The output of the testing code above:

Computation finished at Sat Dec 25 07:08:32 2021
elapsed time: 1.2452e-05

A Godbolt link is here.

TinyDIP on GitHub

All suggestions are welcome.

The summary information:

• Which question it is a follow-up to?

  Dictionary based non-local mean implementation in C++

• What changes has been made in the code since last question?

  Update and fix the operator+ and operator- implementation in Image class.

• Why a new review is being asked for?

  If there is any possible improvement, please let me know.

Answer 1

Build script review

Build scripts are major part of the software, so I will review it along with the main code.

Avoid CMAKE_CXX_FLAGS, include_dirs and other globals

There is target_compile_options to not make things global. Optimization flags are better ommitted altogether.

The testing code uses assert, but build script always specifies optimization flag. Are tests really not failing? (perhaps the script was modified after testing)

Use Threads package instead of pthreads

find_package(Threads REQUIRED)
target_link_libraries(TARGET PUBLIC Threads::Threads)

I believe there was something similar to filesystem, but I couldn't find it. Unfortunately libm does have better linking mechanism.

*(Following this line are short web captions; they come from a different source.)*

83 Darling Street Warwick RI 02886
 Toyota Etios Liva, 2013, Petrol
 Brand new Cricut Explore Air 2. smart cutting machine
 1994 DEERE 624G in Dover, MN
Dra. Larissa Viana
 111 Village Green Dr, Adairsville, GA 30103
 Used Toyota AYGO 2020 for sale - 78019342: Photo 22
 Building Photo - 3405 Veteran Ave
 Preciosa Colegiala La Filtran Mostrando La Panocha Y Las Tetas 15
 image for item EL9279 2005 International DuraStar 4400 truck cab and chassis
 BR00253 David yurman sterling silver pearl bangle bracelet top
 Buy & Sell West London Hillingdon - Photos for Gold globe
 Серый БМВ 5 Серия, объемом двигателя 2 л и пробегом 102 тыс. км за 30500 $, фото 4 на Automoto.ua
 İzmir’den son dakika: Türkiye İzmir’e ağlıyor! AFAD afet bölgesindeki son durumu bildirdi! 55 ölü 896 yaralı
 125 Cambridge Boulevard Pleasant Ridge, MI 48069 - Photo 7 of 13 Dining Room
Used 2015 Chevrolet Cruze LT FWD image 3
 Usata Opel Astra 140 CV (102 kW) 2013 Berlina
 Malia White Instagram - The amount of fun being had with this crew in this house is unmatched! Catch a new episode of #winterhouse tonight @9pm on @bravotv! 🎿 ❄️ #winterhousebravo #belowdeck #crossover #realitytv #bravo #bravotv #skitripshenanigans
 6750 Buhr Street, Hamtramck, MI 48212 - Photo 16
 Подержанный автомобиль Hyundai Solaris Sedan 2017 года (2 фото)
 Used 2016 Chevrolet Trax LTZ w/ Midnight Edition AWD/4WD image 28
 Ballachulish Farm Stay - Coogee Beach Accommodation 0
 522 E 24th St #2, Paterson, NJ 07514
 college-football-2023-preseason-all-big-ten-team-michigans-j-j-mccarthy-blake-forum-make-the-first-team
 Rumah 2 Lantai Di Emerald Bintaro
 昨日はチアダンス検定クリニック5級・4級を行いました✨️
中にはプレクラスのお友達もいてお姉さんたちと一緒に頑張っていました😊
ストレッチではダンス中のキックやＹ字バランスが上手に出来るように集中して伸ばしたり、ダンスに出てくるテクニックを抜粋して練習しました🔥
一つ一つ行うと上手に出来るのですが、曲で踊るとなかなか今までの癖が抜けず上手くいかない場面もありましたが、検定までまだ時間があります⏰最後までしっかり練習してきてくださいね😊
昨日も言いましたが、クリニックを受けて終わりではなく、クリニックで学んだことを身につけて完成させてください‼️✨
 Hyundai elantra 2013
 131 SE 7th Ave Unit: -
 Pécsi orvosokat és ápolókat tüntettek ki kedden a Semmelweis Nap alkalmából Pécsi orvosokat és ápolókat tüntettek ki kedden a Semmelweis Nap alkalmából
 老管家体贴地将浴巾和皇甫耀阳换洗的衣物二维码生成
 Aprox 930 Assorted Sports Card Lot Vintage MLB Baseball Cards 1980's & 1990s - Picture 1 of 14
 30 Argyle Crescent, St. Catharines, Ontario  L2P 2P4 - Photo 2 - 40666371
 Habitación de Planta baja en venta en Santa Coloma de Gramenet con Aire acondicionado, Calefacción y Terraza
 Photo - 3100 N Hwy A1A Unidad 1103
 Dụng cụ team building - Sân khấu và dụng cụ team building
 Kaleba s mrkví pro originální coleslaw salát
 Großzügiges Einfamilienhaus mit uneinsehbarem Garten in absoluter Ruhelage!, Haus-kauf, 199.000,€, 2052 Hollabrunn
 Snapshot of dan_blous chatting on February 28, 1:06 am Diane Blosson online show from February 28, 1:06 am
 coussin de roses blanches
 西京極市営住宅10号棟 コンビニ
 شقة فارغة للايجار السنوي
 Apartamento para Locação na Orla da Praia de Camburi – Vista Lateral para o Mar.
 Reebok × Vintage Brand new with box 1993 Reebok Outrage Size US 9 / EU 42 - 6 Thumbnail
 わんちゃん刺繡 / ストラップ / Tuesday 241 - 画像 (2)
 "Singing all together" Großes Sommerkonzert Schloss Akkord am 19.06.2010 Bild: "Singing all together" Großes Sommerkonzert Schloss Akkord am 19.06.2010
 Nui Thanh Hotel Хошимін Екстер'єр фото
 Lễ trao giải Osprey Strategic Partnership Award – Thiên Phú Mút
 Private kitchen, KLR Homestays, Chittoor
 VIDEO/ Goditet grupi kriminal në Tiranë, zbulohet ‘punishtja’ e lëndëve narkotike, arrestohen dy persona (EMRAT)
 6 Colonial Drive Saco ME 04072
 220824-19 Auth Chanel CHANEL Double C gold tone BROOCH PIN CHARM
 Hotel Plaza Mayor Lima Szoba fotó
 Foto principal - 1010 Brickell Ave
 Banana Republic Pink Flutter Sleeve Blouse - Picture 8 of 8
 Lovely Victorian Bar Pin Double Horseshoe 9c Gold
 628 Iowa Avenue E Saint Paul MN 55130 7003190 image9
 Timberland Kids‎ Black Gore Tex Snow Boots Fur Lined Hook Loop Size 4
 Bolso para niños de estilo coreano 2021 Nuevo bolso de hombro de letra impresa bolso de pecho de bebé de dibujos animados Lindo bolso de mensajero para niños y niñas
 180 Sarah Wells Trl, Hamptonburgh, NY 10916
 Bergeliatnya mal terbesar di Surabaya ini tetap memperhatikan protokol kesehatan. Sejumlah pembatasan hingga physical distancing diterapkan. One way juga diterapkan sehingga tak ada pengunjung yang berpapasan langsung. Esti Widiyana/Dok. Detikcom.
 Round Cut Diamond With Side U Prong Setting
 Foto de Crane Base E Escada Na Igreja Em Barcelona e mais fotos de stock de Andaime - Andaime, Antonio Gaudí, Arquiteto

Use generator expressions where appropriate

There are some pieces with if() else() chains. It might be better to use generator expressions in those cases. Since generator expression becomes nothing if not evaluated to 1, it just becomes empty (not even a space, literally empty, IIRC). This matches the build script pieces where some branches empty and some branches are not (there is a generator expression for compiler ID).

---

Code Review

Don't move from const variable

image_data = std::move(input);

This will not move from input because input is const and overload resolution will lead to copy. I guess originally it was a reference, then it was migrated into copy and move idiom. Just drop the const from the declaration.

Don't forget noexcept

There are multiple one-liners that clearly don't throw exceptions

Subscript operator conventions

My initial expectation was to search for operator()(std::size_t, std::size_t). In all of the BLAS-like libraries I used, the function call operator was the subscript operator. at() implies always-on bound checking, but that is not the case. Although this is just a convention, it might surprise users.

---

Benchmark? review

Not sure if the tests were a benchmark.

Understand performance metrics

It is important to know what is being measured and why it is being measured. The current code seems to be to just "gauge" at how it behaves. Perhaps it would be better to pit it against OpenCV. The heavy hitters like MKL, Blaze, Eigen and uBLAS would be great too. Don't expect the compiler generated code to be as fast as those libraries, but it might provide good insight into future considerations.

Run it multiple times

The first run might step on page faults and OS/runtime facility initialization. There might be context switches (one context switch can skew results tremendeously).

Be careful with clocks

Non-monotonic clocks have a bad habit of getting calibrated in the most inopportune moments.

---

Vector instructions

It might make sense to examine the assembly output to see if there are any AVX instructions, at least AVX2. If there are none, it might be worth it to have a look at vectorization libraries.